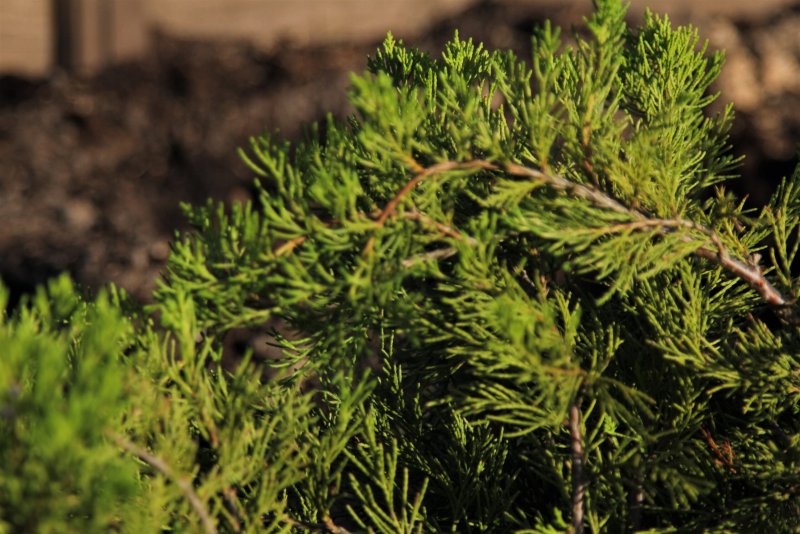Juniperus × pfitzeriana Arctic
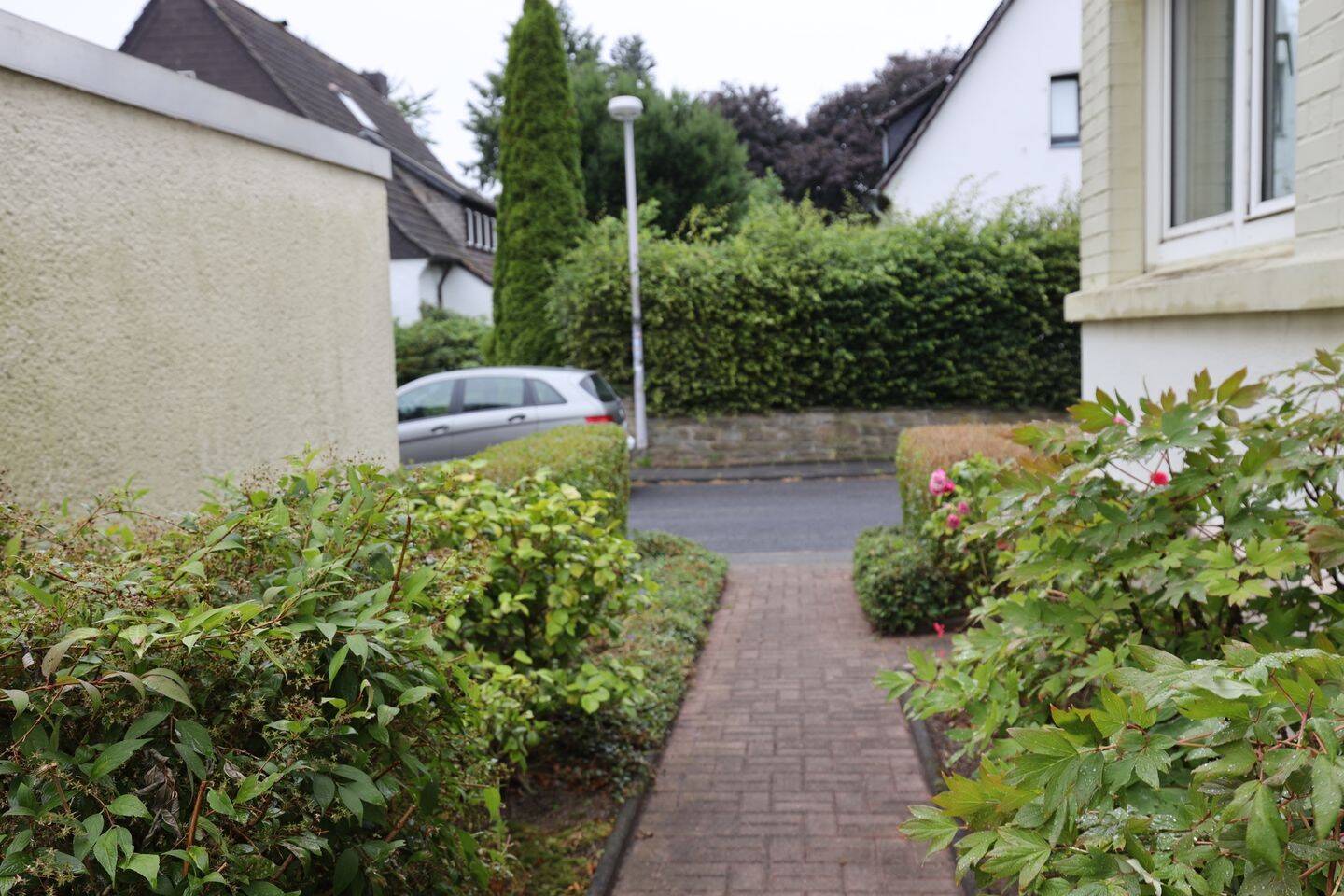 image-68020135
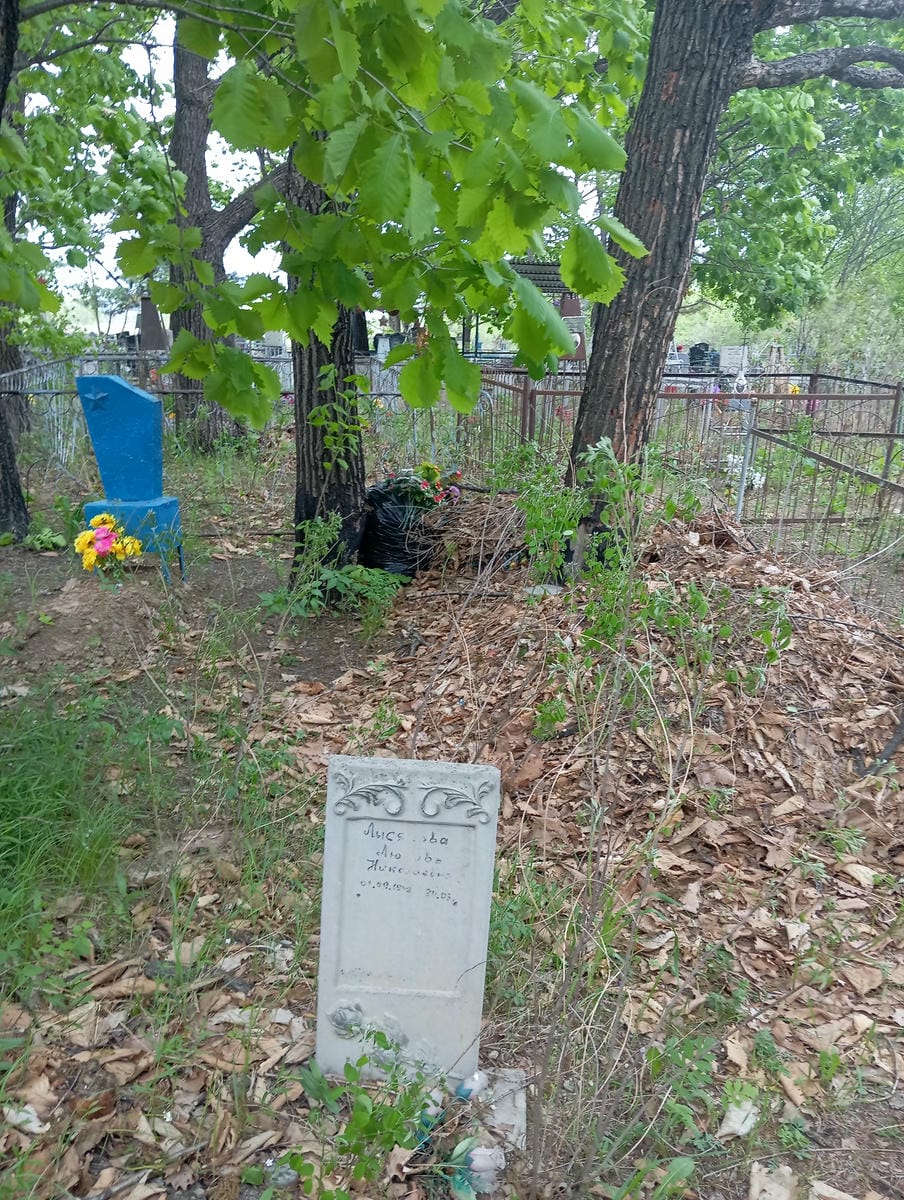 5dd0bfaa-856d-486b-895b-7fc3944a2db6 Лысякова Любовь Николаевна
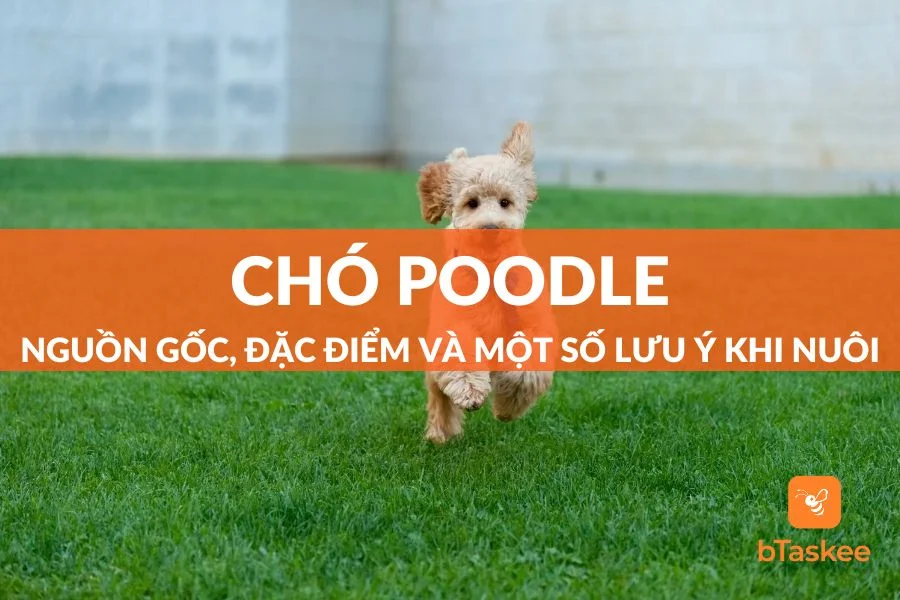 Chó Poodle: Nguồn Gốc, Đặc Điểm Và Một Số Lưu Ý Khi Nuôi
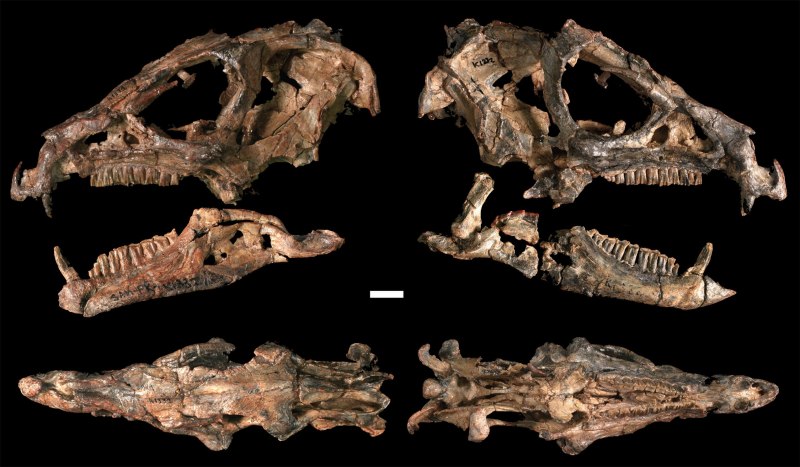 Heterodontosaurus Tucki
▬▬▬
TASK DETAILS: Write out all the entries word for word, but skip any images.

TASK OUTPUT:
Juniperus × pfitzeriana Arctic
 image-68020135
 5dd0bfaa-856d-486b-895b-7fc3944a2db6 Лысякова Любовь Николаевна
 Chó Poodle: Nguồn Gốc, Đặc Điểm Và Một Số Lưu Ý Khi Nuôi
 Heterodontosaurus Tucki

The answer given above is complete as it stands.